Huang Zhangheng, Wang Yu, Wu Ye, Guo Chuan, Li Weilong, Kong Qingquan
Department of Orthopedics, Orthopedic Research Institute, West China Hospital, Sichuan University, Chengdu, Sichuan, China.
J Oncol. 2022 Jul 23;2022:8189610. doi: 10.1155/2022/8189610. eCollection 2022.
The goal of this study was to discover clinical factors linked to overall survival in patients with high-grade osteosarcoma who had received neoadjuvant therapy and to develop a prognostic nomogram and risk classification system.
A total of 762 patients with high-grade osteosarcoma were included in this study. In the training cohort, Cox regression analysis models were used to find prognostic variables that were independently linked with overall survival. To predict overall survival at 3, 5, and 8 years, a nomogram is created.

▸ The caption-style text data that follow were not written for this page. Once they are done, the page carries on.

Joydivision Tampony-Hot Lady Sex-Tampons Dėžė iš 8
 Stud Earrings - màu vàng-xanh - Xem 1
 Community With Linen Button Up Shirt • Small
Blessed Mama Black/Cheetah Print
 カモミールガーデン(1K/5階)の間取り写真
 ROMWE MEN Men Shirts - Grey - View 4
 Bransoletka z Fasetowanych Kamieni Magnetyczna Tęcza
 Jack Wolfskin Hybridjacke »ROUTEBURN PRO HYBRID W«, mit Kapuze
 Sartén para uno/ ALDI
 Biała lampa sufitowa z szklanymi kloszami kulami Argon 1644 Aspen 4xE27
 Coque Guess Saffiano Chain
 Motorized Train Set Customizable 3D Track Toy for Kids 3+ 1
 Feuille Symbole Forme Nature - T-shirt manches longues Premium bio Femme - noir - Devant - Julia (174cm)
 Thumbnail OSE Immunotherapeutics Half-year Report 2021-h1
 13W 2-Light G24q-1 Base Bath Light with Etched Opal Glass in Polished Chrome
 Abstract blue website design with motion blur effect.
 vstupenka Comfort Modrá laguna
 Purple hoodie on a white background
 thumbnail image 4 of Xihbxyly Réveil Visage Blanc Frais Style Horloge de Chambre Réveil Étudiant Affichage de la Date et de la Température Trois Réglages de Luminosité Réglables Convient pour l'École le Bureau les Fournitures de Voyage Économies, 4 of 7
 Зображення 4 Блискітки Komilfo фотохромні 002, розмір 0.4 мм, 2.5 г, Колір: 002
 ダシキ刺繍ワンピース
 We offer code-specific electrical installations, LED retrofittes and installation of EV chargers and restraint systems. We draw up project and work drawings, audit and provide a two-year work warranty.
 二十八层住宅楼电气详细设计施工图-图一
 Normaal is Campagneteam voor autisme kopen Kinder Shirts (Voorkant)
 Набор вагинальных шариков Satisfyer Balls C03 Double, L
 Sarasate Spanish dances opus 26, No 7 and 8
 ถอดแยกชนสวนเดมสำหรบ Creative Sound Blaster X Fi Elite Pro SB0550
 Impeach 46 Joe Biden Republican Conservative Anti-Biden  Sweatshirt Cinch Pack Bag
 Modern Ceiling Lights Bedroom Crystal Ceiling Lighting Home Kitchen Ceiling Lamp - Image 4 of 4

In addition, in both the internal and external validation cohorts, receiver operating characteristic curves, calibration curves, and decision curve analysis (DCA) were utilized to assess the prediction model's performance.
The age, size of the tumor, and the stage of the disease are all important predictive variables for overall survival. The training and validation cohorts have C-indexes of 0.699 and 0.669, respectively. At the same time, the area under the curve values for both cohorts also showed that the nomogram had good discriminatory power. The calibration curve demonstrated the good performance and predictive accuracy of the model. The DCA results suggest that the nomogram has a wide range of therapeutic applications. Furthermore, a new risk classification system based on the nomogram was established, which allows all patients to be classified into three subgroups as high, middle, and low risk of death.
The prognostic nomogram constructed in this study may provide a better precise prognostic prediction for patients with high-grade osteosarcoma after neoadjuvant chemotherapy.
本研究的目的是发现接受新辅助治疗的高级别骨肉瘤患者总生存相关的临床因素,并开发一种预后列线图和风险分类系统。
本研究共纳入762例高级别骨肉瘤患者。在训练队列中,使用Cox回归分析模型寻找与总生存独立相关的预后变量。创建一个列线图以预测3年、5年和8年的总生存。此外,在内部和外部验证队列中,利用受试者工作特征曲线、校准曲线和决策曲线分析(DCA)来评估预测模型的性能。
年龄、肿瘤大小和疾病分期都是总生存的重要预测变量。训练队列和验证队列的C指数分别为0.699和0.669。同时,两个队列的曲线下面积值也表明列线图具有良好的区分能力。校准曲线证明了模型的良好性能和预测准确性。DCA结果表明列线图具有广泛的治疗应用。此外,基于列线图建立了一种新的风险分类系统,可将所有患者分为高、中、低死亡风险三个亚组。
本研究构建的预后列线图可为新辅助化疗后高级别骨肉瘤患者提供更好的精确预后预测。